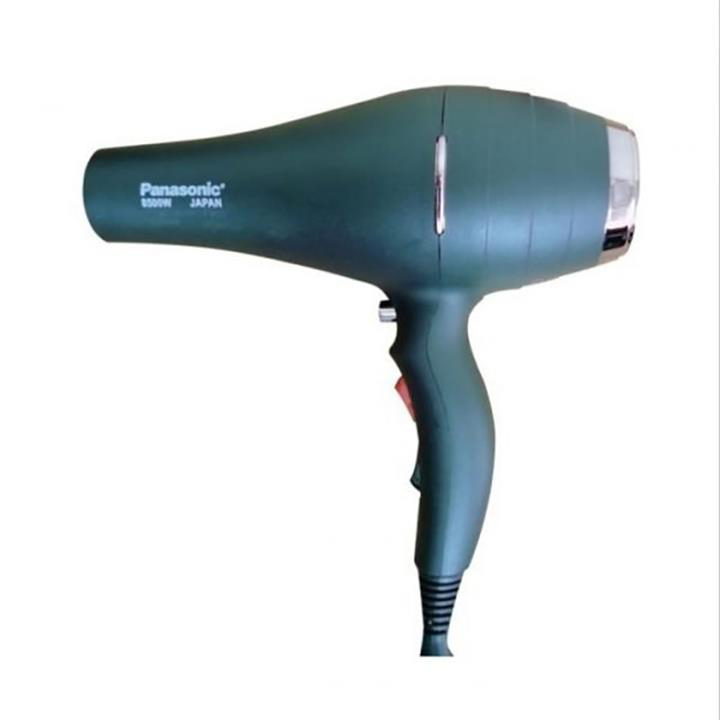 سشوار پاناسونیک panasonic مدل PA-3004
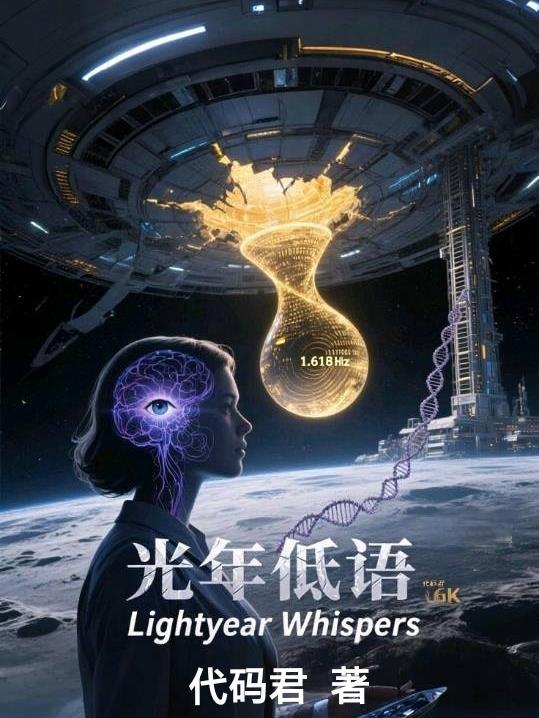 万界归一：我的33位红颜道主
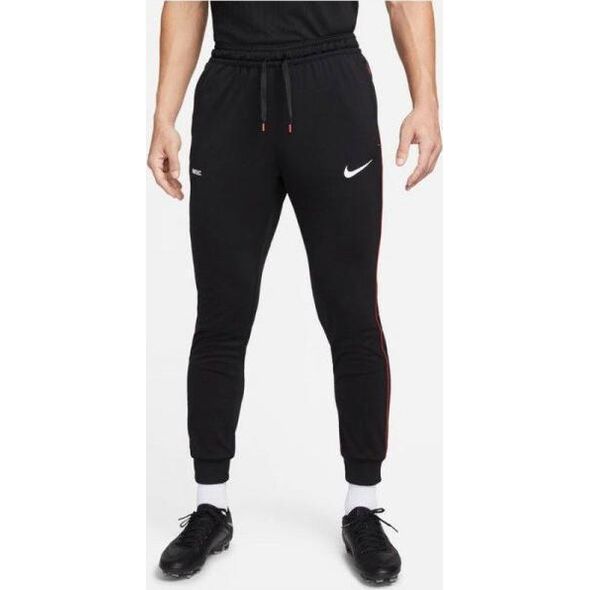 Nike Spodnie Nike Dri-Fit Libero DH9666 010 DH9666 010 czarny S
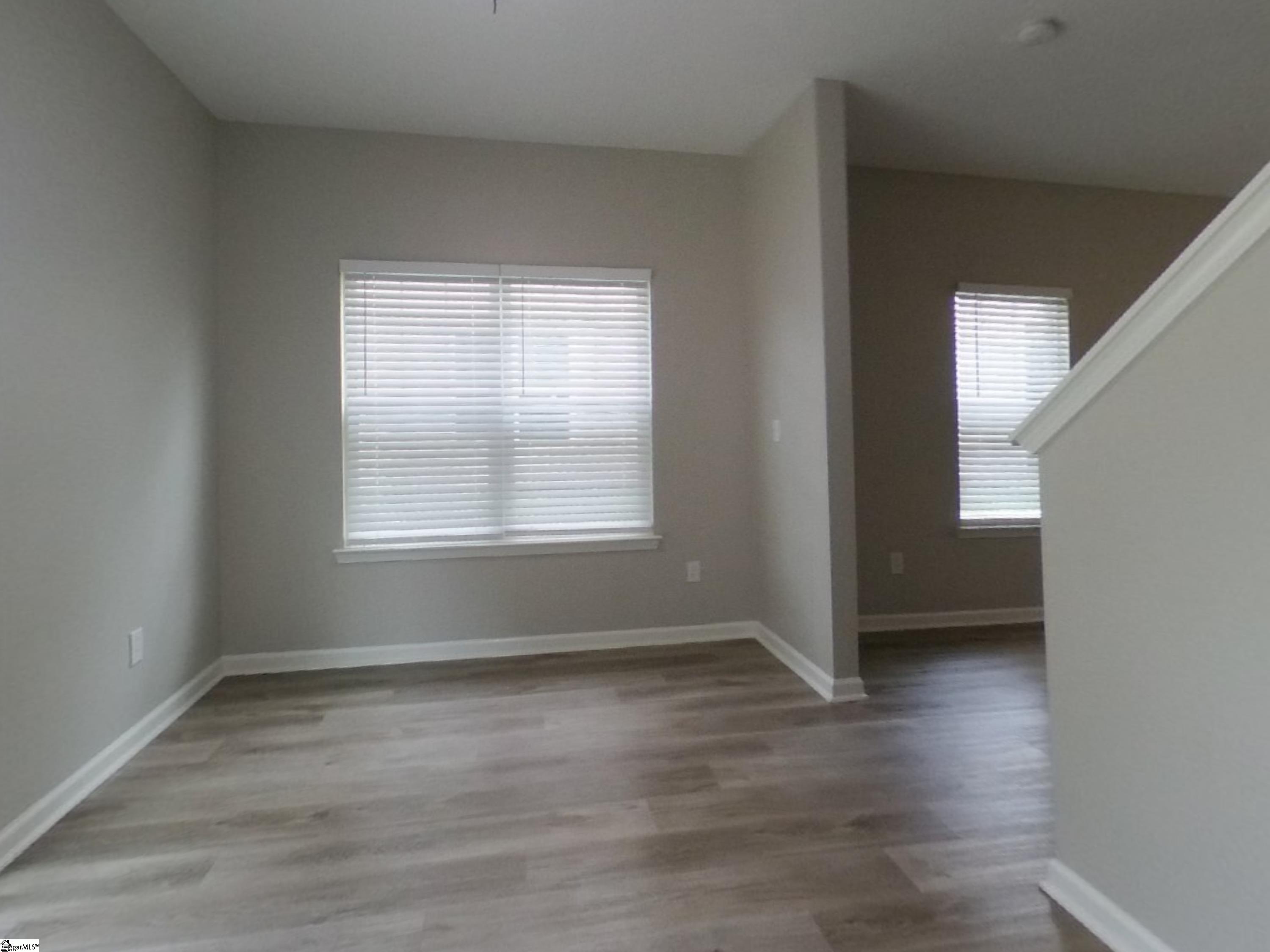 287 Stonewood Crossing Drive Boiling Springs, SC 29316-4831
——
Could you set down the data exactly as given, minus its pictures?

 سشوار پاناسونیک panasonic مدل PA-3004
 万界归一：我的33位红颜道主
 Nike Spodnie Nike Dri-Fit Libero DH9666 010 DH9666 010 czarny S
 287 Stonewood Crossing Drive Boiling Springs, SC 29316-4831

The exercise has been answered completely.